При всей своей более напускной, чем действительной циничности, это, в сущности, несчастный, глубоко страдающий и при таких невыносимых условиях, при осознании своей «лишности», наказанный ещё и творческим началом человек. И как автор, осознавая всю необычность и неприемлемость своих «Записок» (что и случилось на самом деле!), он с грустью, в конце концов, замечает: «Многое мне теперь нехорошо припоминается, но… не кончить ли уж тут «Записки»? Мне кажется, я сделал ошибку, начав их писать.

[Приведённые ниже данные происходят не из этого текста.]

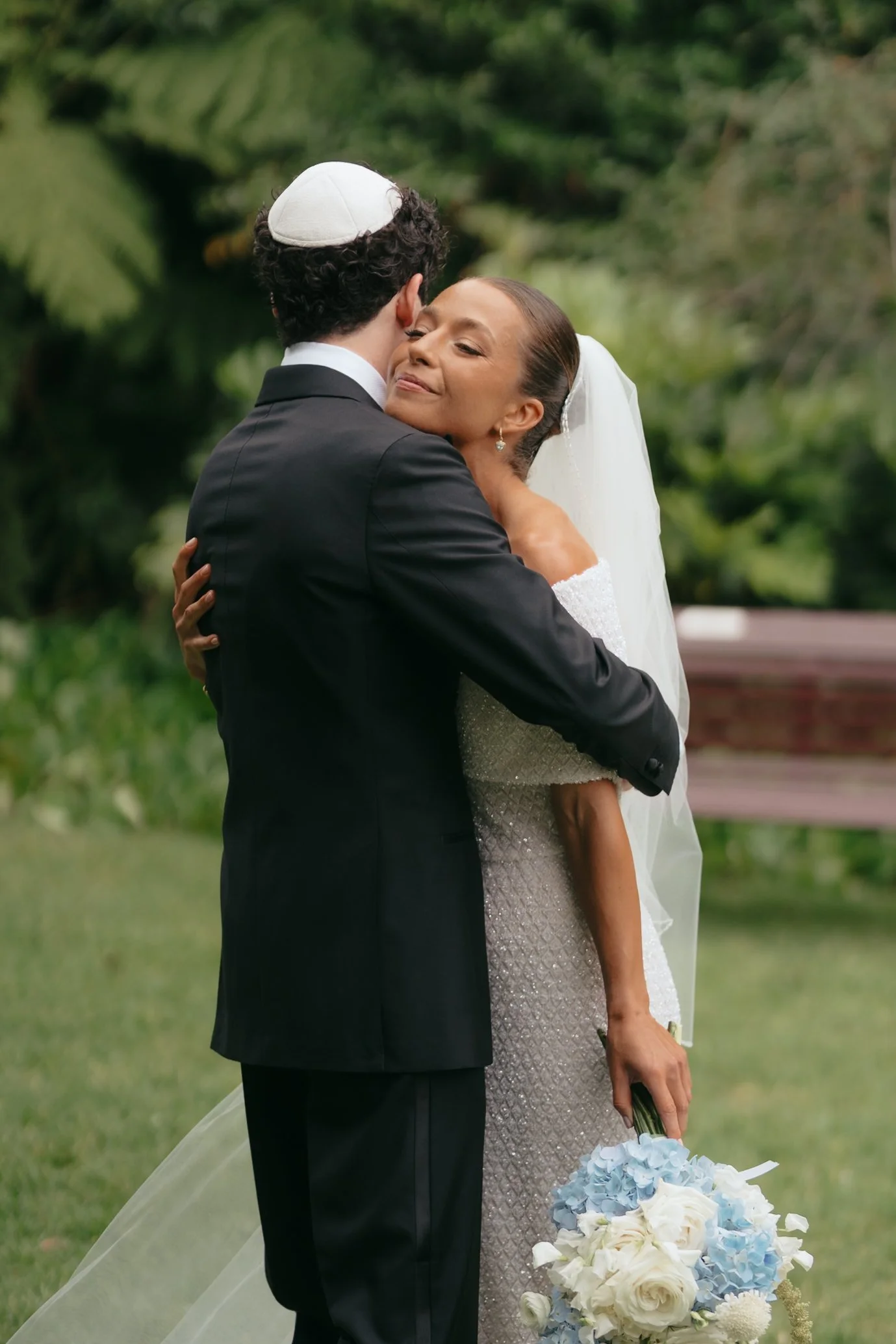 A bride and groom hugging outdoors, the bride holding a bouquet of white and blue flowers, with a veil and wedding dress, and the groom wearing a black suit and kippah.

По крайней мере мне было стыдно, всё время как я писал эту повесть: стало быть, это уже не литература, а исправительное наказание, … в романе надо героя, а тут нарочно собраны все черты для антигероя…»
От скуки принимается за свои записки другой исповедальный автор Достоевского – молодой человек, написавший «Игрока». События уже произошли и прошли, и теперь его «тянет опять к перу; да иногда и совсем делать нечего по вечерам…» Этот автор, Алексей Иванович, тоже не щадит себя в своём дневнике, добиваясь как можно более полной откровенности. Образ интересен особенно тем, что Достоевский передал ему одну из капитальных своих страстей – страсть к рулетке, и при помощи литературного таланта Игрока художественно показал изнутри всю притягательную и тяжкую силу этого сладкого недуга.

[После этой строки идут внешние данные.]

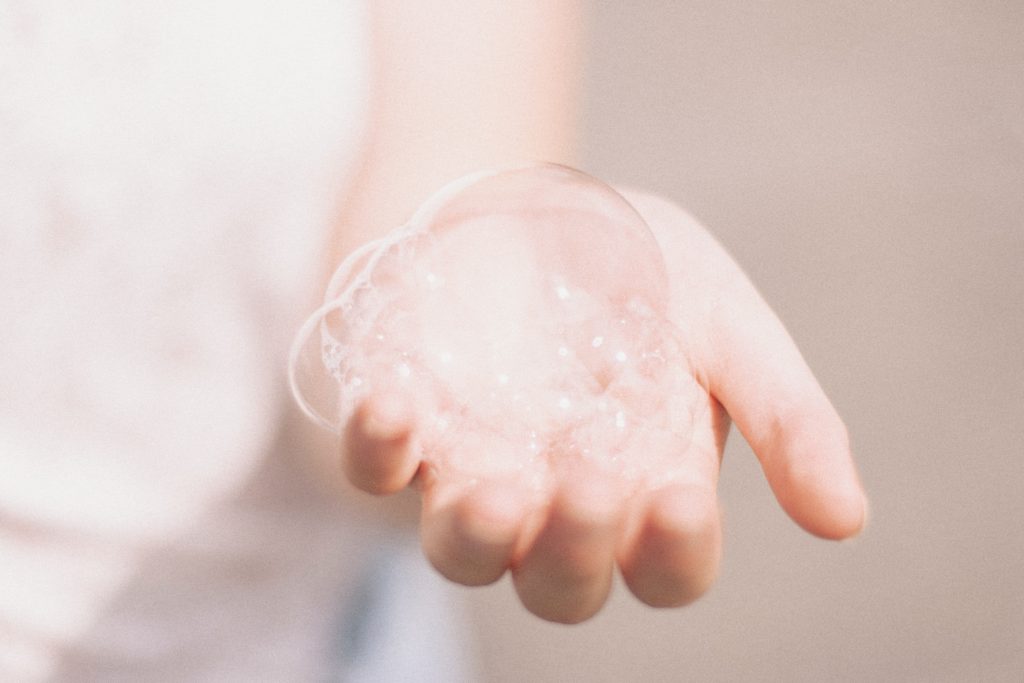 Hand holding bubbles from soap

Стоит, наверное, напомнить, что Достоевский уделял именно в этот период самое пристальное внимание жанру исповеди, считая, что только в такой форме, «чужим голосом», можно наиболее полно отобразить «извивы» и «изгибы» человеческой души. Хронологически между «Записками из подполья» и «Игроком» находится один из черновых вариантов «Преступления и наказания», разрабатываемый в исповедальной манере.

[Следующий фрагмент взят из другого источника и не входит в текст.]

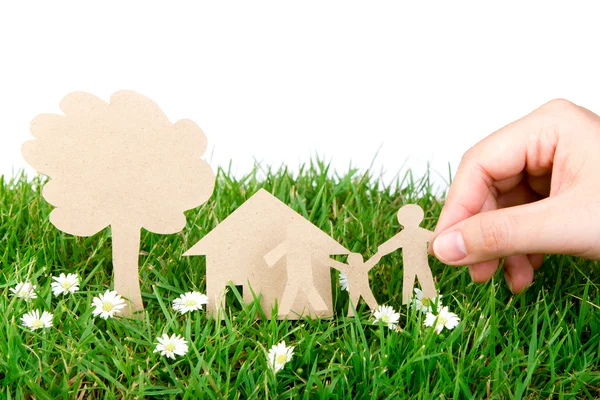 Ruka drží papír řez rodiny nad čerstvou jarní zelené trávy — Stock fotografie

Самой крупной и сложной по сюжету исповедью является «Подросток». Если «Записки из подполья» писал уже сложившийся, потерявший во многое веру и отчаявшийся человек, и вследствие этого читателю приходится сквозь словеса его «сверхисповеди», под напускной шелухой самонаговоров угадывать истинную сущность автора-героя, то Подросток в своём дневнике перед нами, как на ладони. Даже в стиле (Достоевский долго искал «тон» этих записок, добиваясь того, чтобы буквально был слышен молодой, ещё ломкий голос формирующейся на наших глазах личности Аркадия Долгорукого) проявляются возраст и характер Подростка. Как и многие авторы-герои Достоевского, он горячо отрекается от звания литератора, потому что творчество для него – не лестница к славе и не средство наживы, нет, такие люди по самой своей богатой творческой натуре хотя бы раз в жизни не могут не выплеснуть свои чувства и мысли в литературной «автобиографии», не исповедаться хотя бы на бумаге.